Sakura Seminar House, a project commissioned in celebration of the centennial anniversary of Wayo Woman’s University, is a retreat house for the faculty, students and alumni. Sited on 8 hectares of meadow, the balance between architecture and landscape was designed to create an integrated whole where the architecture acts as a mediating filter between the interior garden void and the expansive meadow beyond. A play of different spatial scales brings new opportunity for social interactions between students.

Wayo Women’s University Seminar House Plans, Chiba Pref., Japan. 1997.

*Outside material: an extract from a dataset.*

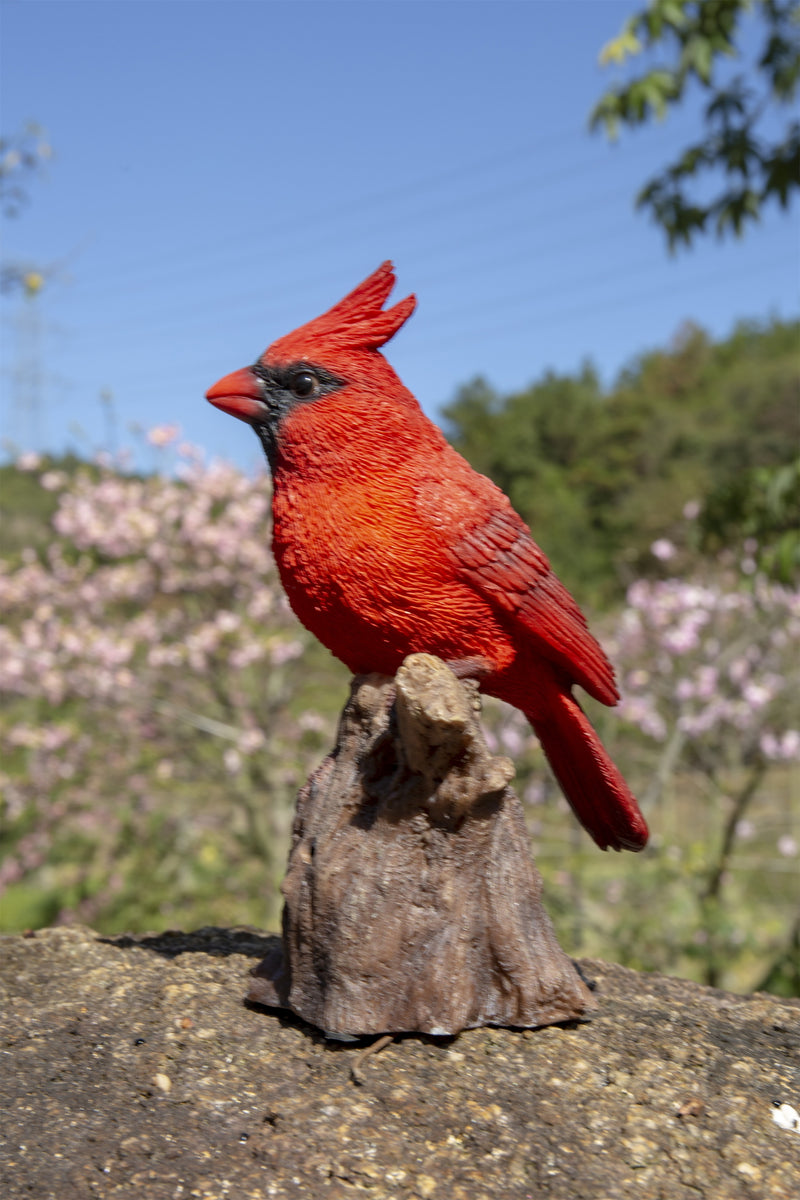 Motion Activated Singing Cardinal Standing on Stump Statue HI-LINE GIFT LTD.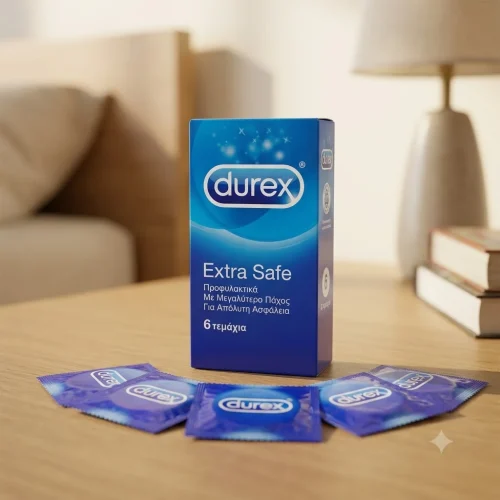 Durex Extra Safe &Pi;&rho;&omicron;&phi;&upsilon;&lambda;&alpha;&kappa;&tau;&iota;&kappa;ά &Mu;&epsilon; &Mu;&epsilon;&gamma;&alpha;&lambda;ύ&tau;&epsilon;&rho;&omicron; &Pi;ά&chi;&omicron;&sigmaf; &Gamma;&iota;&alpha; &Alpha;&pi;ό&lambda;&upsilon;&tau;&eta; &Alpha;&sigma;&phi;ά&lambda;&epsilon;&iota;&alpha; 6&tau;&epsilon;&mu;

Main Building and Cafeteria: Classrooms, Japanese tea room, Audio-visual hall, lecture hall, foyer, main hall, administration offices, Cafeteria and kitchen and machine room.
Dormitory Wing: Rooms for 112 students and 6 faculty members plus bath house and garden with capacity of up to 30 students.

Awards:
BCS Award (Building Contractors Society).
JIA Award for the Best Young Architect. (Japan Institute of Architecture).
AIJ Award (Architecture Institute of Japan).
Chiba Prefecture Architectural Cultural Award.
‘G’ Design Award. Designer’s Award Series. (Category in Architecture.)

Yamaguchi Prefecture University Master Plan and Phase I. 1996.
Consultant to Nihon Sekkei.

Extension of the University onto a mountainous site required sensitive site planning for a four-phased master plan. Completion of Phase I: Front entrance and promenade leading into future campus center.

Oyake House. Tokyo, Japan. 1995.
Setagaya-ku Housing Award. First Place.

Two story house organized around a courtyard for a family of four.

Proposals
• Meiji Jingu Studio Roof Plaza Design. Harajuku, Tokyo. 1998.

A roof garden with a glass spiral stairway sets a place for respite in the busy district of Harajuku. Located on the 3rd level of a eleven-story tower, the garden was designed for the Sony sound and broadcasting studio.

• Azabu Campus Master Plan. Tokyo. 1996.
Invitation Competition. Second Place.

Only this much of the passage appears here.